[EXERCISE DETAILS]:
The data below is to be written out exactly, with no pictures.

[DATA SECTION]:
§ §

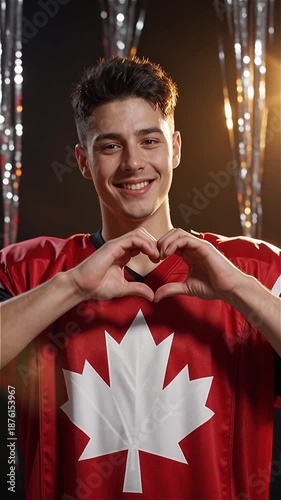 Smiling young Canadian man in red national soccer jersey making heart gesture with hands showing love and support for his team on a festive bokeh background vertical portrait for sports events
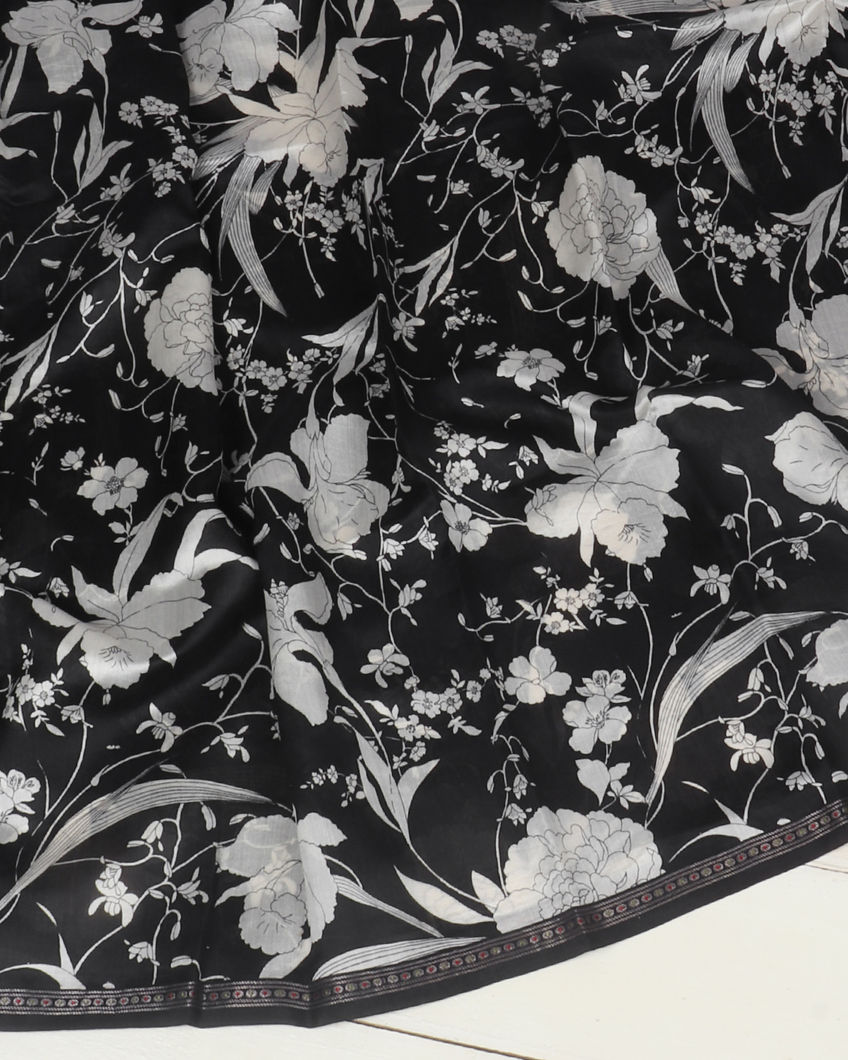 Black Chaniya Silk Saree T4169274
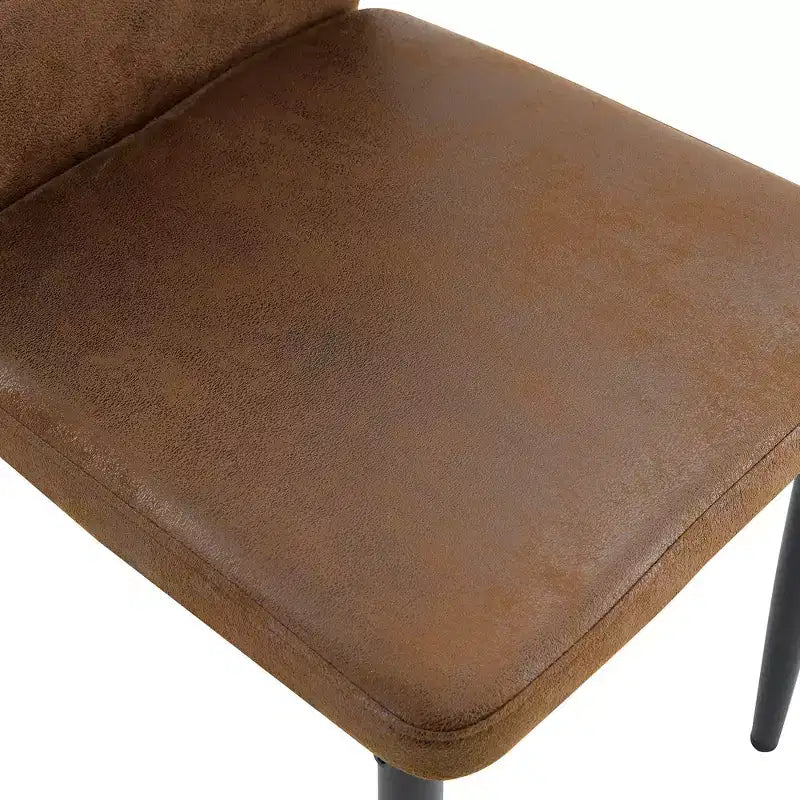 Homy Casa Sedie da pranzo moderne in similpelle con gambe in metallo, seduta imbottita, marrone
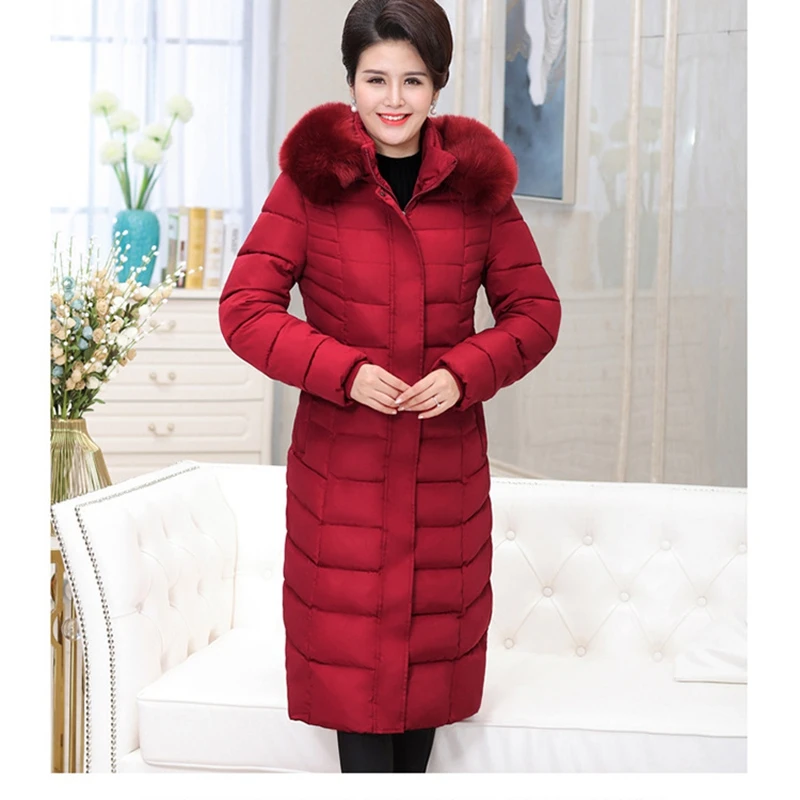 Зимняя куртка женская 2020 зимнее пальто Длинная парка роскошное с меховым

§ §

[ANSWER TO THE PROBLEM]:
 Smiling young Canadian man in red national soccer jersey making heart gesture with hands showing love and support for his team on a festive bokeh background vertical portrait for sports events
 Black Chaniya Silk Saree T4169274
 Homy Casa Sedie da pranzo moderne in similpelle con gambe in metallo, seduta imbottita, marrone
 Зимняя куртка женская 2020 зимнее пальто Длинная парка роскошное с меховым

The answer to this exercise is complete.